# Grandkids - funny (for now!)



## Ragnar Ragnasson (Mar 4, 2018)

I told my youngest son about he and wife sometimes using sh !t around their two year old boy. My W just sent me a short video of boy playing then saying "oh sh! t" unexpectedly. It's a keeper.

Funny once 😉. Ain't it funny when our kids go through the same things we sometimes did. "Watch what you say around the kids"......

Any other grandkids funnies?


----------



## BarbedFenceRider (Mar 30, 2018)

So, my uncle was at my house working on an old willy's jeep he kept there. And my son (4) was in the backyard watching him and playing with the animals. My uncle raises his head and promptly smacks it on the raised hood. He yells out "sunofabeeech". And rubs his head repeatedly. The afternoon progresses and nothing notable happens. Later in the evening, my wife is making dinner and is bringing the rolls to the dinner table. My uncle just sat down to eat with us when my wife dumped the rolls all over the ground with a loud gasp! My son promptly acclaims "sunofabeeech".....Silence ensues.

My wife turns and looks at me with lasers coming out of her eyes. (swear to god). I sublimely say, "it wasn't me"....My poor uncle knew exactly what happened!
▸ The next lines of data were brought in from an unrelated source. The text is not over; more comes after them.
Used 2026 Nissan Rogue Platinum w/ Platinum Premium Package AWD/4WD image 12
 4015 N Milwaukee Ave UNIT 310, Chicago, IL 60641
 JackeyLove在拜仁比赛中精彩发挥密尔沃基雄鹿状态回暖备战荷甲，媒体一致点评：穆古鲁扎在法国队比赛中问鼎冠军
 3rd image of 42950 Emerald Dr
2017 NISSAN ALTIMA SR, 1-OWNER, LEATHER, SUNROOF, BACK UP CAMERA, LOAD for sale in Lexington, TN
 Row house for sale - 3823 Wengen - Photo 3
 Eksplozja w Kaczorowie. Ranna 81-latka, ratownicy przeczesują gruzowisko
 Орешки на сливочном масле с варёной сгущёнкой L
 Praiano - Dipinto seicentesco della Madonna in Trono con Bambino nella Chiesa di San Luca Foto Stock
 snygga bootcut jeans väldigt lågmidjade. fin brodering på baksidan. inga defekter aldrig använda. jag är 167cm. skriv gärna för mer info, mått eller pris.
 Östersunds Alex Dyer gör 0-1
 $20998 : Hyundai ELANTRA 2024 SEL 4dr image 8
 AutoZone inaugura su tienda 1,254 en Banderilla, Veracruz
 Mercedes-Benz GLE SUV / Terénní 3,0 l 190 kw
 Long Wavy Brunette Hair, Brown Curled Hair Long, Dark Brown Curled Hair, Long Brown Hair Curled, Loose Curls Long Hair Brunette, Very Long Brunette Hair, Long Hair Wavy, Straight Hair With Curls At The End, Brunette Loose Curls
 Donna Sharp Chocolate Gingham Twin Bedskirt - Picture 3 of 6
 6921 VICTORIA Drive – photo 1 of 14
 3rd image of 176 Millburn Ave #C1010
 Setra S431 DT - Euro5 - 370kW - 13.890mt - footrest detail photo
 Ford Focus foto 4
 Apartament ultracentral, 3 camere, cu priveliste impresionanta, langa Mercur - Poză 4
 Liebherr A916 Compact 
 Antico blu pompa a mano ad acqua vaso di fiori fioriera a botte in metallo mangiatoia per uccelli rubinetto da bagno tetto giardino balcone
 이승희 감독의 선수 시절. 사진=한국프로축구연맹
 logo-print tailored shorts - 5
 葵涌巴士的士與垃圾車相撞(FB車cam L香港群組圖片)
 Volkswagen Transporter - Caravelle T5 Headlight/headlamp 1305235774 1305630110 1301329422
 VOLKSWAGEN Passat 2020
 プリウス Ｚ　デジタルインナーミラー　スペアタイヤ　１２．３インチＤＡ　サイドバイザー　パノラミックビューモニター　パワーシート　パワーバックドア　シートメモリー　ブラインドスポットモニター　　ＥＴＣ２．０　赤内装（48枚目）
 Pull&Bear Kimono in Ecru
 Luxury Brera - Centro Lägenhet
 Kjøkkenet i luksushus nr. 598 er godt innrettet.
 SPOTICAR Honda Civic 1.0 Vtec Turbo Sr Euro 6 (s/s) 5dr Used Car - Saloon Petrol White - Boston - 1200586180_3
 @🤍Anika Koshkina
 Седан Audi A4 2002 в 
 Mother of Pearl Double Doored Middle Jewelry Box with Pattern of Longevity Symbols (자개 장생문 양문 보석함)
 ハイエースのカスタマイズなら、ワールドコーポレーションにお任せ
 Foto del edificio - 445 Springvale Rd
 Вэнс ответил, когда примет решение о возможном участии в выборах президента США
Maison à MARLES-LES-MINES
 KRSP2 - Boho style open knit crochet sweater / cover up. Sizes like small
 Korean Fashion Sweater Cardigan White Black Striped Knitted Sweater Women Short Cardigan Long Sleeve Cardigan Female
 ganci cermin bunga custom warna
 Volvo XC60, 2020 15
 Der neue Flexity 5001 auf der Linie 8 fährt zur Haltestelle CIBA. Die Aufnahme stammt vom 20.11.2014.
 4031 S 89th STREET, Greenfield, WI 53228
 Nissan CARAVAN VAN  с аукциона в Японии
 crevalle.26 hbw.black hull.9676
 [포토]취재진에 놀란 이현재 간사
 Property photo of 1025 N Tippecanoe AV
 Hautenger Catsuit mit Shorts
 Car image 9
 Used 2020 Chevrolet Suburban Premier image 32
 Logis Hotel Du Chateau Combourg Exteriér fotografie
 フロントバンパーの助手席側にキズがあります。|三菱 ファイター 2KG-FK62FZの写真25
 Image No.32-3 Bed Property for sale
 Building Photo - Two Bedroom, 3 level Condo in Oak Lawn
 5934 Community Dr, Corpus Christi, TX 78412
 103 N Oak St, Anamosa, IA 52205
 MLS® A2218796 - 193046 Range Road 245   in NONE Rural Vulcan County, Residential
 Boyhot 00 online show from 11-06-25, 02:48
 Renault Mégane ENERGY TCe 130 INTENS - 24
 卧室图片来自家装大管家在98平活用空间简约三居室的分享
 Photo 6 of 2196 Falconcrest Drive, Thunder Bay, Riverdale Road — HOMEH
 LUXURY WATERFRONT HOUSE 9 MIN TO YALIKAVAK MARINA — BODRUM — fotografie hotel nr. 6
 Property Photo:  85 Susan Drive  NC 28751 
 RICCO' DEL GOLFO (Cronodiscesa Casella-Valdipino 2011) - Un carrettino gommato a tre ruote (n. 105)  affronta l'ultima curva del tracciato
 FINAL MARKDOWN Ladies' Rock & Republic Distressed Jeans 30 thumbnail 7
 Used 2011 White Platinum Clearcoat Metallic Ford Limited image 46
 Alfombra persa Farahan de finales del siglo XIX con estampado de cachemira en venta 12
He is like 3 colors red with a downward glaze plastered on the floor before him. lol "Sorry suz". "Its my fault." My wife is now turning purple and smoke coming out of her ears!

My son stretches out in his high chair and yells: "sunofabeech, sunofabeech, sunofabeech"... 

Needless to say, it was touch and go for the next few evenings....

ROFL!!!


----------



## Ragnar Ragnasson (Mar 4, 2018)

That's what I'm sayin! 
One thing I'm waiting for is when grands are older and at the supper table and won't eat any vegetables....to see how long they'll have to sit before getting excused.

My oldest was about six, and it was "at least two BIG bites and you can get down" and he'd sit there for 45 minutes.

😊 however I'm sure the dogs stayed by him for a reason.

Then when they become teenagers....


----------